[HOW TO COMPLETE THIS TASK]: Starting at the line below holding "[ID: 308-G31] Adventure" and stopping at the line holding "when you find your adoption papers", print every line exactly, both ends included, and leave the rest out.

Stored dataset items
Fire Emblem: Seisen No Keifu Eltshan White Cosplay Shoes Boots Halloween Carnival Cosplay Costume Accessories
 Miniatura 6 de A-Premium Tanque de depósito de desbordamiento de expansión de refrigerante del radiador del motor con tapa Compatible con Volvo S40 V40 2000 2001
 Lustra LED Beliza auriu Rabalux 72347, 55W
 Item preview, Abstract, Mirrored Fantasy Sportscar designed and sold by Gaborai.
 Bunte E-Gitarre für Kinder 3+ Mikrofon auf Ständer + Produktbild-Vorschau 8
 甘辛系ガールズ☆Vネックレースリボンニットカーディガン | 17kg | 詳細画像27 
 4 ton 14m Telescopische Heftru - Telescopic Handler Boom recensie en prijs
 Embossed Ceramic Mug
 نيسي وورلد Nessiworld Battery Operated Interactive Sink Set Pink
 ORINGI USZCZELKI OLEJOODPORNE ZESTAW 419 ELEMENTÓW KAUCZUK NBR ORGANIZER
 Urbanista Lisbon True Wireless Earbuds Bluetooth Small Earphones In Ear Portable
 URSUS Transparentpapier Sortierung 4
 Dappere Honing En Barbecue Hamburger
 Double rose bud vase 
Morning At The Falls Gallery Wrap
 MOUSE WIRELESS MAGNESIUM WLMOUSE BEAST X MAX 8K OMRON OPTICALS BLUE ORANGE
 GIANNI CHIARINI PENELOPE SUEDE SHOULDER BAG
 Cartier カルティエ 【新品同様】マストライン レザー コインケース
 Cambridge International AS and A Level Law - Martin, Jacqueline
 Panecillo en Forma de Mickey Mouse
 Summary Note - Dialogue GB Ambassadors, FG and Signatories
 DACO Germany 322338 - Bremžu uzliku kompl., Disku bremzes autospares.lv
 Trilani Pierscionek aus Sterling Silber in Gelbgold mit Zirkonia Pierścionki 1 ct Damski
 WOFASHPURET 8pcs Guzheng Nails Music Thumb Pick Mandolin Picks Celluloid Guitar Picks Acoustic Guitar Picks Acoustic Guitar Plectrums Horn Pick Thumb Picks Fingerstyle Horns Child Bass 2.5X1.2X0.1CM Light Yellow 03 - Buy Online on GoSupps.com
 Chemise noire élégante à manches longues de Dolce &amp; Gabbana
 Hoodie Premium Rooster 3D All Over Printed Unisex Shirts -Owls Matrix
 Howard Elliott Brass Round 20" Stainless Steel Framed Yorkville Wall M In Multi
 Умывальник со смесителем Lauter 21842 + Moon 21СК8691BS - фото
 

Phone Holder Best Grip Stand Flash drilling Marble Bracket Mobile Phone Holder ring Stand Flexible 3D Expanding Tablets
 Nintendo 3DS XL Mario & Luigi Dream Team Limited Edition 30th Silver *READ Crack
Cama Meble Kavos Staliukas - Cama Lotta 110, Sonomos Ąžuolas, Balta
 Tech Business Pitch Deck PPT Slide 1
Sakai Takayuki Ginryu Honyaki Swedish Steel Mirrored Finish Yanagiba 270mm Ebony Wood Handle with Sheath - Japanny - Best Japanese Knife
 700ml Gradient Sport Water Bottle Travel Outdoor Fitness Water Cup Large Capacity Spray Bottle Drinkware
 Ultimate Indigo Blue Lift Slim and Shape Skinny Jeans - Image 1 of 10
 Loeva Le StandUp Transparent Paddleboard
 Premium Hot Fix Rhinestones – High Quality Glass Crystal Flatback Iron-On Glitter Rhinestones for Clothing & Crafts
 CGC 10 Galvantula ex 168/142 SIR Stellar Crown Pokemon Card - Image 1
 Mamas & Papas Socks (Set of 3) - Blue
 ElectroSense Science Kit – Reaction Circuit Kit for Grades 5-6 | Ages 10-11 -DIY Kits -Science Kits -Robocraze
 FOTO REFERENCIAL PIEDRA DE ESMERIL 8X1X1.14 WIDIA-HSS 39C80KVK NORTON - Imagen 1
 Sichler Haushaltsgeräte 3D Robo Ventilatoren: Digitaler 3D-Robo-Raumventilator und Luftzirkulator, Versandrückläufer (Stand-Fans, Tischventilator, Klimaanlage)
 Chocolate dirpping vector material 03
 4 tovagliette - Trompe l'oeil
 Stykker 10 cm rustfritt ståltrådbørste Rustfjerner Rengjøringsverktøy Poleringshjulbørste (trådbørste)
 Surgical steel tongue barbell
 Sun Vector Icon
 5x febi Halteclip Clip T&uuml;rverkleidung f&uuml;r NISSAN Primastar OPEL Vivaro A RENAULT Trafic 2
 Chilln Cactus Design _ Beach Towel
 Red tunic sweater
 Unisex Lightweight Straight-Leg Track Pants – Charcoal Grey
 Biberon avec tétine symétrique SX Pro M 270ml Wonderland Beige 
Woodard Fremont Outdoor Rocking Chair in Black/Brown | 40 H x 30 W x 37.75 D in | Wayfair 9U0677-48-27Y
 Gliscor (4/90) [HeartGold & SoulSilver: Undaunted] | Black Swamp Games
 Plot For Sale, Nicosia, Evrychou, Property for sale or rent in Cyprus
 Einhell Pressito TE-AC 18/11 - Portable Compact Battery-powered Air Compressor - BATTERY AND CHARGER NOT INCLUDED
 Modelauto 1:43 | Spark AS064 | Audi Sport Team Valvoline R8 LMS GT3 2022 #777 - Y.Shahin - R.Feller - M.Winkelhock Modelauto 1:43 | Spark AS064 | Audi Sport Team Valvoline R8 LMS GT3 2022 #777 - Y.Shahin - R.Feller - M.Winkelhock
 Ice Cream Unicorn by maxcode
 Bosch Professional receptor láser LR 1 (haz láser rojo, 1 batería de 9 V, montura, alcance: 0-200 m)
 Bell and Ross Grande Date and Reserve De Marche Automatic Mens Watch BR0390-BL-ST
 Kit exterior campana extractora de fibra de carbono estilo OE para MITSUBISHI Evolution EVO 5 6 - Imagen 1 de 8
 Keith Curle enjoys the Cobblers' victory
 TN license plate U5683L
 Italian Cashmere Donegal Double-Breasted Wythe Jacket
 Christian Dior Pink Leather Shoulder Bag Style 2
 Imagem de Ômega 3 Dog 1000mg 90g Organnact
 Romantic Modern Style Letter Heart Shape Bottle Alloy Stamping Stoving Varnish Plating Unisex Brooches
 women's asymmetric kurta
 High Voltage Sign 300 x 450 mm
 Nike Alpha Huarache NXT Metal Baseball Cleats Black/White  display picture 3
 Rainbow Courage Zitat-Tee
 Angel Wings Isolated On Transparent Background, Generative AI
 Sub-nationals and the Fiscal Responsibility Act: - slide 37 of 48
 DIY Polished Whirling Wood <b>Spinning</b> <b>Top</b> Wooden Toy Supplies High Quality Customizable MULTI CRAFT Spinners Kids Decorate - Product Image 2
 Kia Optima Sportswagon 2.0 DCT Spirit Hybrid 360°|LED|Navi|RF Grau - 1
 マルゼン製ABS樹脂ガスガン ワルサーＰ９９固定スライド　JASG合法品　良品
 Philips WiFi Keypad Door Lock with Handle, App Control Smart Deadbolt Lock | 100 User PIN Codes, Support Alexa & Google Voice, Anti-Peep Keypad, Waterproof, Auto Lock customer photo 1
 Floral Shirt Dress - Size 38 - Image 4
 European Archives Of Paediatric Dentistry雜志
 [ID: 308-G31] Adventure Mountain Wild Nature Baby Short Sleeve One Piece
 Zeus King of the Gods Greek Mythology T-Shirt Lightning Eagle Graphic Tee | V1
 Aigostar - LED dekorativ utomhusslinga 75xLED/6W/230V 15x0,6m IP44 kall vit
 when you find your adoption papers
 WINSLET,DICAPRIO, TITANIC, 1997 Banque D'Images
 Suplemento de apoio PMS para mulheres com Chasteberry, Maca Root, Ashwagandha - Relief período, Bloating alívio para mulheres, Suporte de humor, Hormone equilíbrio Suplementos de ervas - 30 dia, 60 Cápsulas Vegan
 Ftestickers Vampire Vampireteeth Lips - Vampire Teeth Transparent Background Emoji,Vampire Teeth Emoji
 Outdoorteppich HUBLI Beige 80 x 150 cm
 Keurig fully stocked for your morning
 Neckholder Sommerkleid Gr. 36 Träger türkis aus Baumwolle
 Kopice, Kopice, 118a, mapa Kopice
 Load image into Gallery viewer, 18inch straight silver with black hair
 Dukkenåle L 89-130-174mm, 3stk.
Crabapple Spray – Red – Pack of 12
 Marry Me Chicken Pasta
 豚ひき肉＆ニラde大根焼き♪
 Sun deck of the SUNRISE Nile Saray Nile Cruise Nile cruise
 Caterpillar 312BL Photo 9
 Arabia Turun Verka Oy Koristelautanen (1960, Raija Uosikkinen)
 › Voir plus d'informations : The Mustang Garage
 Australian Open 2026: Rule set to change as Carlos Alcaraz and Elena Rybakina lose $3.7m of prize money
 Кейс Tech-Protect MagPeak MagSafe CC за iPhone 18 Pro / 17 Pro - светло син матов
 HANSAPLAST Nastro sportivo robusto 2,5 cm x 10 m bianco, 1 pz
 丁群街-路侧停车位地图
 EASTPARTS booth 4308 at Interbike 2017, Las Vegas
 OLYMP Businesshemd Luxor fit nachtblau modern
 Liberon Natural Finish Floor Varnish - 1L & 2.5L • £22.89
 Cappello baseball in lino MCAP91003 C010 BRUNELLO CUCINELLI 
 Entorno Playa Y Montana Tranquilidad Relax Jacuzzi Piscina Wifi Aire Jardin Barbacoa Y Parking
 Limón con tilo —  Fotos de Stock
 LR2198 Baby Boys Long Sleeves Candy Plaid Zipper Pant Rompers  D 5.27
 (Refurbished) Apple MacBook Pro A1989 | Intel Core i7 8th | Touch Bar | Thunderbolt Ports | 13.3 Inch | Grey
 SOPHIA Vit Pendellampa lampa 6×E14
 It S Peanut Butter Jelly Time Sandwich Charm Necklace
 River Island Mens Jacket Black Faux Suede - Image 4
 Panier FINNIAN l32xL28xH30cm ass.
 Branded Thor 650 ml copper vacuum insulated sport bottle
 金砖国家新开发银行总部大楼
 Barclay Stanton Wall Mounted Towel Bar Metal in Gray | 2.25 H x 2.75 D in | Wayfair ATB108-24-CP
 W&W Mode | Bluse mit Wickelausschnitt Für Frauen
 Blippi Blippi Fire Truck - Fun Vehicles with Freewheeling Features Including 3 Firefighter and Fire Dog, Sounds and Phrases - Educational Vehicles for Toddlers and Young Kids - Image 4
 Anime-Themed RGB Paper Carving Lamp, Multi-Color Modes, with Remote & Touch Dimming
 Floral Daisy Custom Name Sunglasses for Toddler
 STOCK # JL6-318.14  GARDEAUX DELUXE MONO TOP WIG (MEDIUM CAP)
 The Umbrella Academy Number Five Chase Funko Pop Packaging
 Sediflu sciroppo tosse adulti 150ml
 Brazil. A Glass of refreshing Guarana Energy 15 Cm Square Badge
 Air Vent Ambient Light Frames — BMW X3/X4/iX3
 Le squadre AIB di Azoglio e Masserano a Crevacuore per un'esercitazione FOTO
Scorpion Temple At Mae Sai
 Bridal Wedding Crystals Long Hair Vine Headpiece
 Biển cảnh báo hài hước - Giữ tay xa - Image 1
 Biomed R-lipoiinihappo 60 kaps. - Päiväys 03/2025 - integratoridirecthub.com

[TASK RESULT]:
 [ID: 308-G31] Adventure Mountain Wild Nature Baby Short Sleeve One Piece
 Zeus King of the Gods Greek Mythology T-Shirt Lightning Eagle Graphic Tee | V1
 Aigostar - LED dekorativ utomhusslinga 75xLED/6W/230V 15x0,6m IP44 kall vit
 when you find your adoption papers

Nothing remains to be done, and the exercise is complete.